Loading Games in a Post-Cassette World
One of the challenges of maintaining old computers is how to load and save data in a post-cassette world.
There are a few methods that you can use, that vary in cost and complexity.
Purchase a retro cassette player to go with your retro consoles

This is clearly the simpler option, with reasonable examples on eBay going for around £10-20. It would require owning the original cassettes (or copies of).
Simply follow the instructions in the computer handbook for connecting the cassette recorder to the computer for some proper old-school gaming.
The advantages are that the storage medium is cheap, and there are plenty of original games titles still available online at reasonable prices.
You can also save your own code onto blank cassettes.
Be prepared to alter the playback head azimuth for those tricky-to-load tapes and, if purchasing a retro cassette recorder off eBay in an ‘unknown working state’, you may need to replace the drive belts, as these can become gooey over time.
Play the tape noise from another source
As household cassette recorders were designed to record sounds, computers that used tape recorders to store data were designed to save programs to tape as noise. It sounds a bit like a fax or a modem, and is essentially the binary data encoded as high and low tones. It is possible to play that noise from another source, such as an MP3 player, a video on YouTube, or a sound file on a PC. By connecting the device to the computers headphone socket you may be able to load the data in that way.
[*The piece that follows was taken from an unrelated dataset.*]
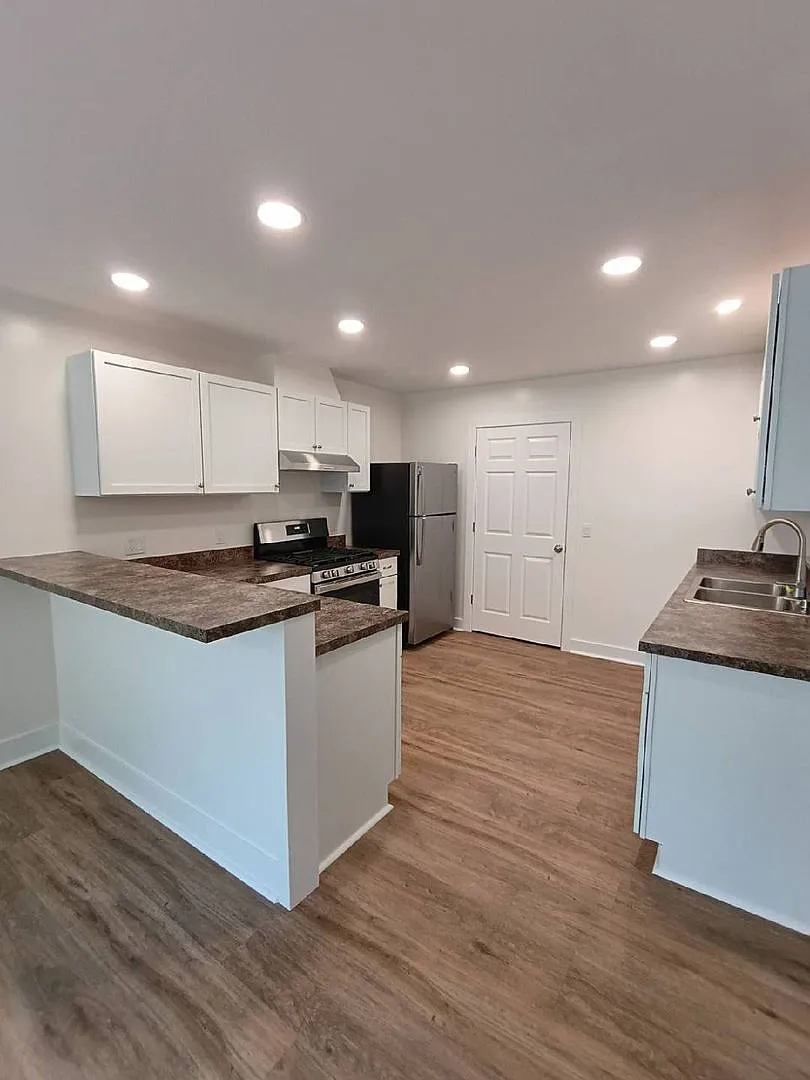 808 Sherman St. — Photo 3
I’ve had mixed experiences with this, the main issue being ground noise.
There’s an app for that
If you are a Sinclair ZX Spectrum owner and also have an Android phone or tablet, you can use the excellent PlayZX application. This application has a database of thousands of Spectrum games (I think it may be using the World of Spectrum database). It loads in the emulator files from the database and converts them to tape noise. You just need to connect the tablet/phone’s headphone socket to the EAR socket on the Spectrum.
It took me a while to get this working. The main problem was the audio level on my tablet – it’s not very loud. The Spectrum could just about pick up the lead-in signal, but would not load data.
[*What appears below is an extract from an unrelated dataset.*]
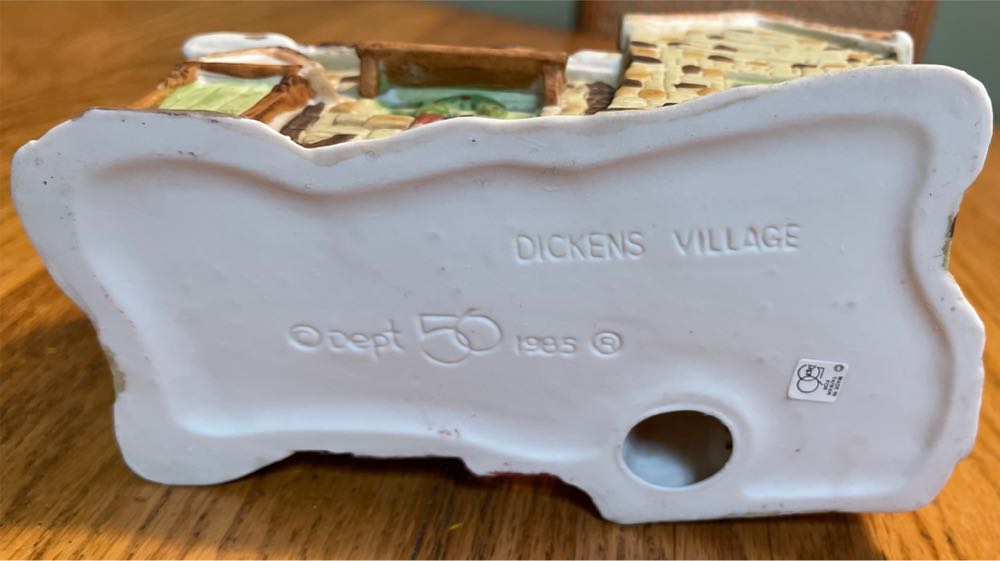 Dickens Village Stone Cottage - Dickens Village Series (Village) ornament collectible - Main Image 3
The solution was to ditch the Sinclair cables and connect my tablet to the Spectrum EAR socket using a lead with a stereo 3.5mm jack lead at both ends, setting the app up to output in stereo, and invert one of the stereo channels. This gives a little bit of a boost; the Spectrum still gets a mono signal, but as it receives both left and right stereo signals on one mono pin, it gets a bit of a volume boost.
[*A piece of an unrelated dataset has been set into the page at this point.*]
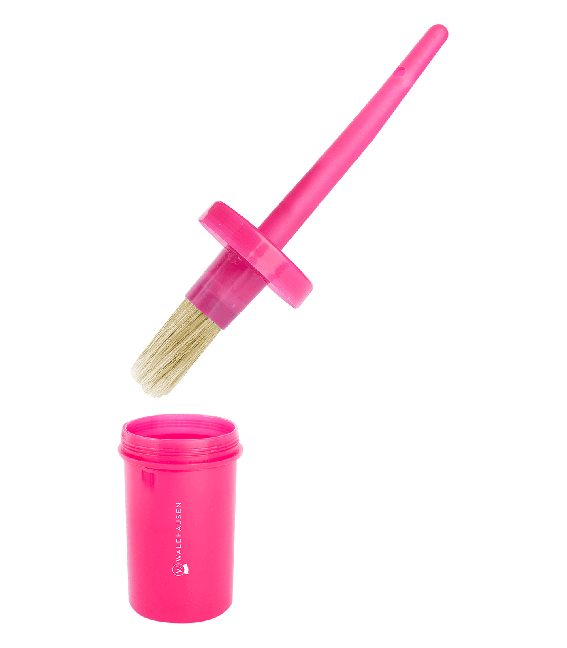 Mackey Hoof Brush And Bottle #colour_pink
There are still a handful of games that don’t load, and it’s real time – so if the game took 4 minutes to load off cassette, it will take the same amount of time here – but it’s relatively hassle free.
Use an SD Card
There are a handful of boards for retro computers that allow you to load and save data to SD cards as if they were tape or disk. The most popular ones are:
- The DIVMMC Future by The Future was 8 Bit
- The ZXPAND+ for the ZX81
- The SD2BBC also by The Future was 8 Bit
These are a little more expensive than the alternatives, but offer faster loading times and, for the ZXPAND+ and DIVMMC peripherals, extra goodies such as joystick ports.